Memory Forensics the Linux Way

Now that we have grabbed a memory dump from a Windows system and used Volatility to extract critical information that would otherwise have been lost if the system had simply been powered down, we should take a look at how to do the same thing in Linux. If you are familiar with Linux, you may recognize that we have one utility already in hand that can do an extraction for us. However, if you have a modern version of the Linux kernel (operating system), we have an issue. Before we get into the problem, we should talk about how we might get access to memory. 

In Linux, every device is easily accessible through the /dev filesystem, which is a pseudo-filesystem populated by the operating system while it’s running. The operating system creates an entry in the /dev tree as a result of device drivers that are either built into the kernel or built as a module that can be loaded and unloaded in the running kernel. Getting access to memory is not different from accessing other devices. In Linux, the memory device is found at /dev/mem and we could use dd to extract data from that device, just as we would with a disk device like /dev/sda. However, in order to protect the memory space, the Linux developers have restricted what we can do to the mem device. One of the reasons is that it’s very easy to really mess up your system. All you’d have to do would be to execute dd if=/dev/urandom of=/dev/mem and you’d quickly have a system that was no longer operational. You can see what happens when we try to get a dump of /dev/mem using dd. 

kilroy@quiche:~$ sudo dd if=/dev/mem of=mem.dump

dd: reading ‘/dev/mem’: Operation not permitted

2048+0 records in

2048+0 records out

1048576 bytes (1.0 MB) copied, 0.0109432 s, 95.8 MB/s

 

Linux says operation is not permitted and all we get is 1M out of a system that has 2G of memory in it. We need another approach. Fortunately, there are a couple of kernel modules we can get that will give us access to the memory we want. The first one is a simple replacement for mem, without the restrictions that the mem device has. fmem is a kernel module that works well for forensic purposes and it works just like you’d expect it to. Before we can use it, though, we have to get it installed. Below, I have the source code that I have built and I run make install as a superuser to get the module loaded into the kernel. I could have also used insmod. 
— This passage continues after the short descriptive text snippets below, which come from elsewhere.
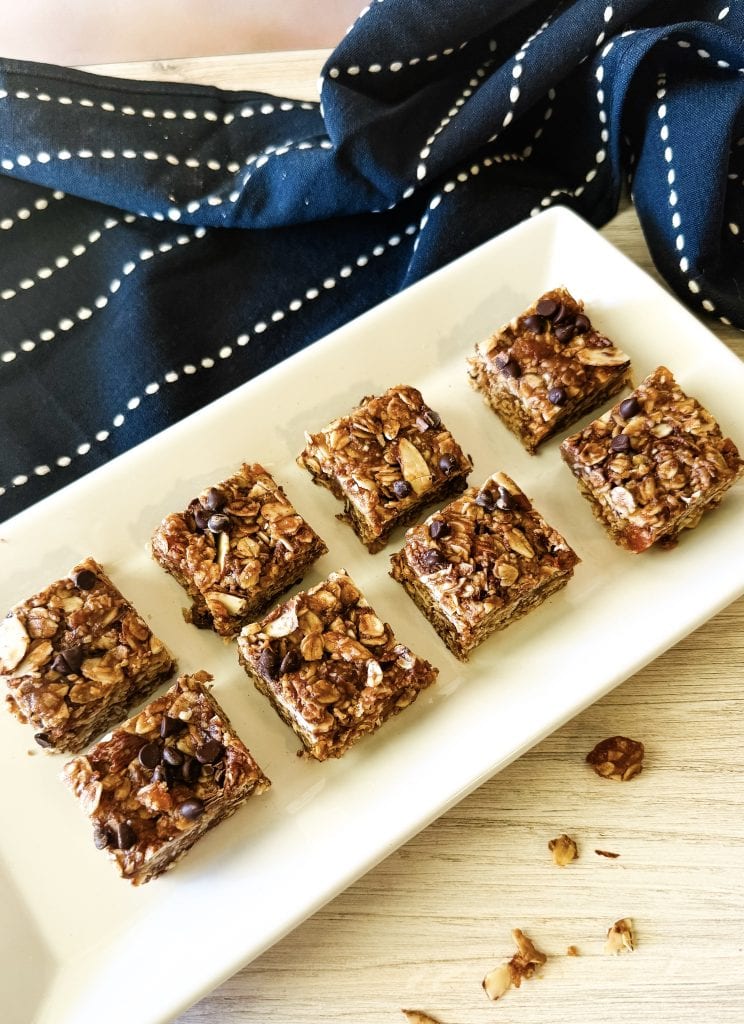 Delicious no-bake oatmeal energy bites with chocolate chips on a white platter.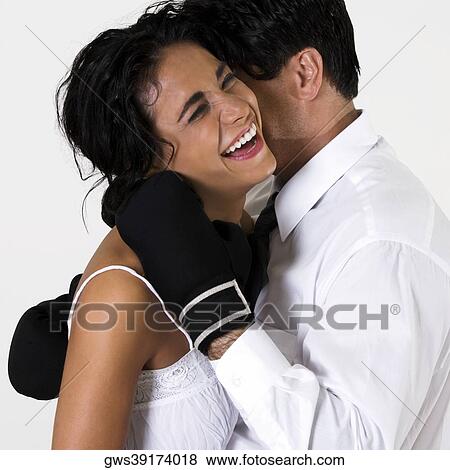 Side profile of a young woman and a mid adult man laughing View Large Photo Image Stock Photo - Side profile of a young woman and a mid adult man laughing. Fotosearch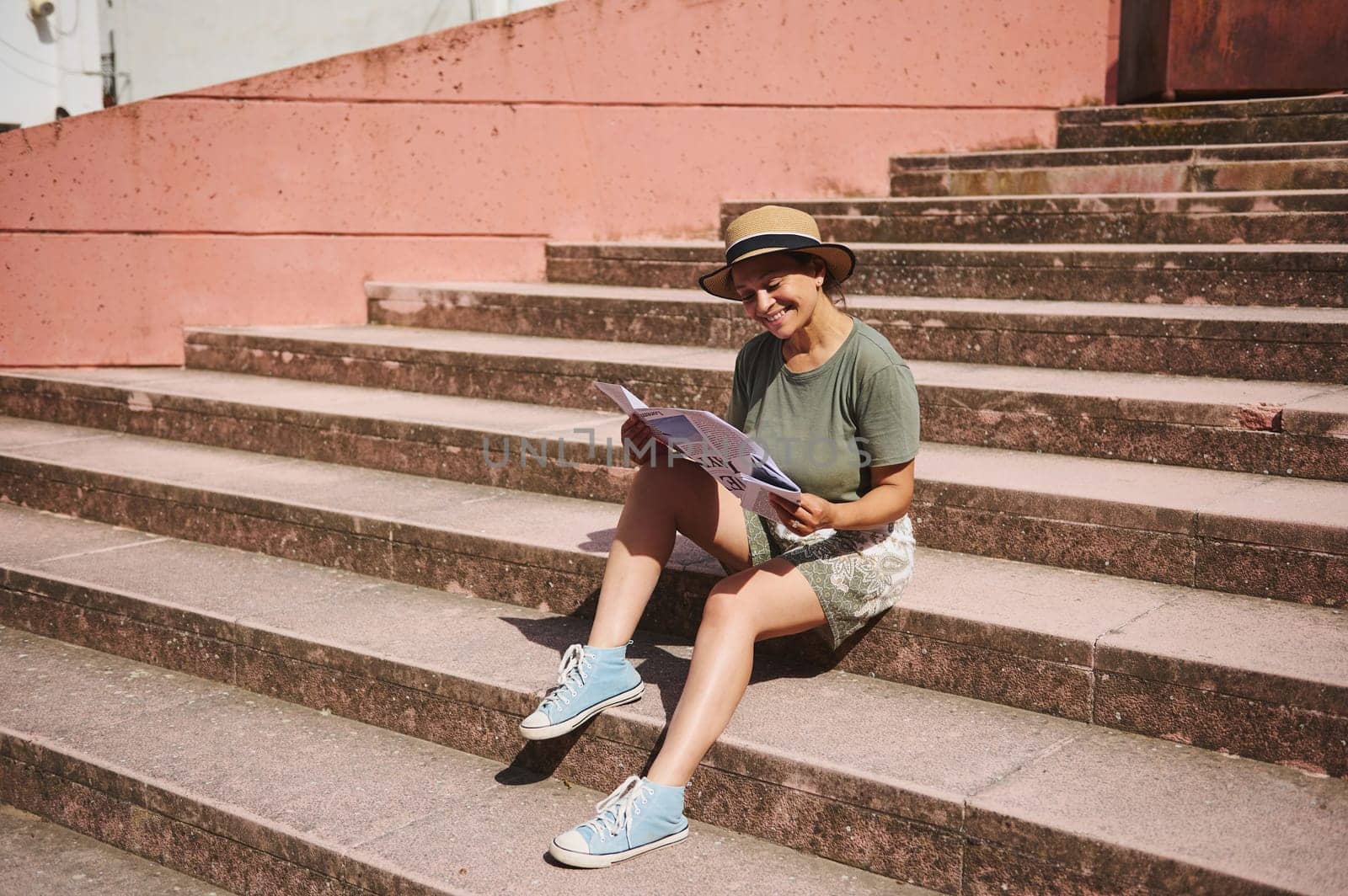 A cheerful woman sitting on outdoor steps, relaxing while reading a magazine and enjoying the sunny weather. Dressed casually, wearing a hat, this represents leisure, joy, and relaxation.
kilroy@quiche:~/Downloads/fmem_1.6-1$ sudo make install

./run.sh

Module: insmod fmem.ko a1=0xc1058800 : OK

Device: /dev/fmem

----Memory areas: -----

reg00: base=0x000000000 (    0MB), size= 2048MB, count=1: write-back

reg01: base=0x0b0000000 ( 2816MB), size=    2MB, count=1: write-combining

-----------------------

!!! Don't forget add "count=" to dd !!!

 

Now we have the module loaded, we can use dd to extract memory and just refer it to the /dev/fmem device. I could set a count on it if I wanted to restrict the amount of memory I get but if I want to get all of memory, I don’t want to use a count. I do, though, set a block size to be higher than the typical block size. This should help dd go faster since it’s reading larger chunks and as a result, does fewer reads. Below, you can see what the process looks like. To extract 2G of memory took a little over 6 seconds, as you can see from the output. 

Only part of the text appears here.